Data excerpt -
◇ ◇ ◇

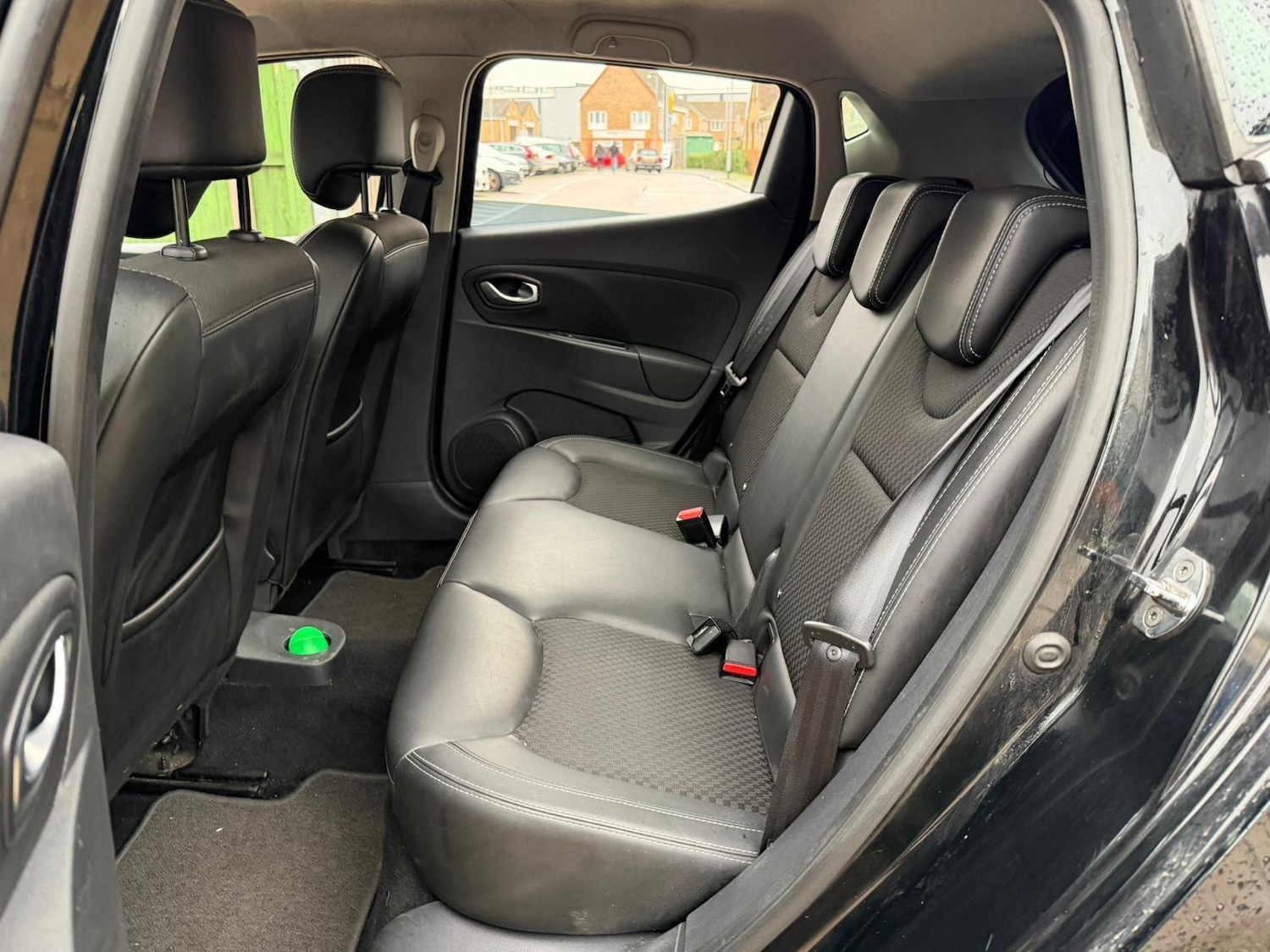 Used Renault Clio 2016 for sale - 76823469: Photo 19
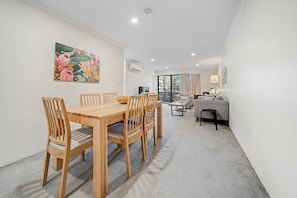 Apartment | Dining - Central 2-bed Apartment With Pool, Gym and Spa (Canberra)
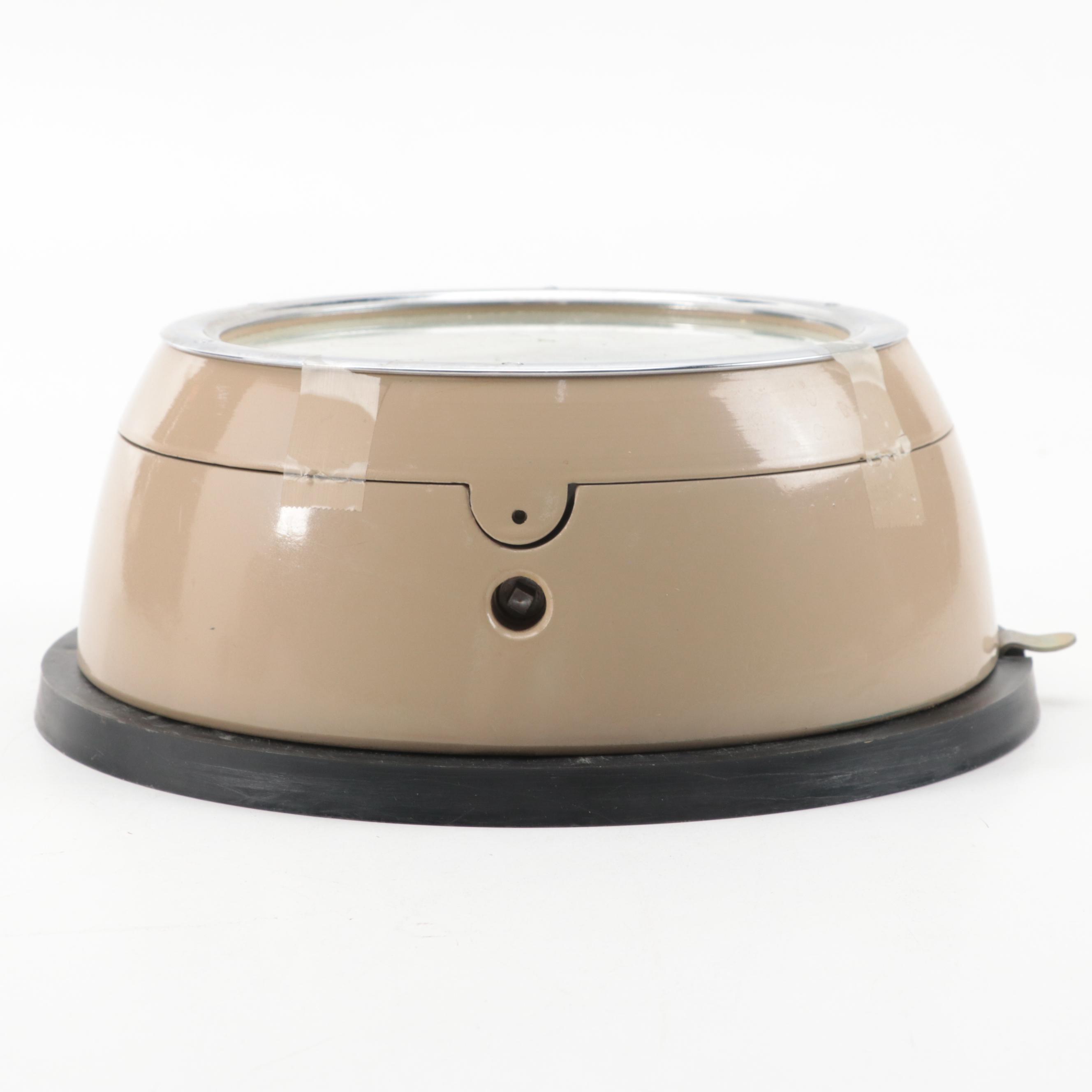 Soviet Union Vostok Clock Co. Kauahguyckue Submarine Clock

◇ ◇ ◇

Work to be completed -
Word for word, reproduce all of the data, but keep out the pictures.

Solution to this problem -
 Used Renault Clio 2016 for sale - 76823469: Photo 19
 Apartment | Dining - Central 2-bed Apartment With Pool, Gym and Spa (Canberra)
 Soviet Union Vostok Clock Co. Kauahguyckue Submarine Clock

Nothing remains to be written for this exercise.